* _Record set_
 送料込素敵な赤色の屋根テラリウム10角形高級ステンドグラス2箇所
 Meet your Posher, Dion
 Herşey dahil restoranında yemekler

==

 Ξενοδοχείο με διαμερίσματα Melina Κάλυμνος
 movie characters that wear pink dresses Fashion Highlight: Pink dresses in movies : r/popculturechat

* _The task_
Could you retype exactly the lines above, starting at the line that contains "送料込素敵な赤色の屋根テラリウム10角形高級ステンドグラス2箇所" and ending at the line that contains "Herşey dahil restoranında yemekler", and nothing more?

* _Result of the task_
 送料込素敵な赤色の屋根テラリウム10角形高級ステンドグラス2箇所
 Meet your Posher, Dion
 Herşey dahil restoranında yemekler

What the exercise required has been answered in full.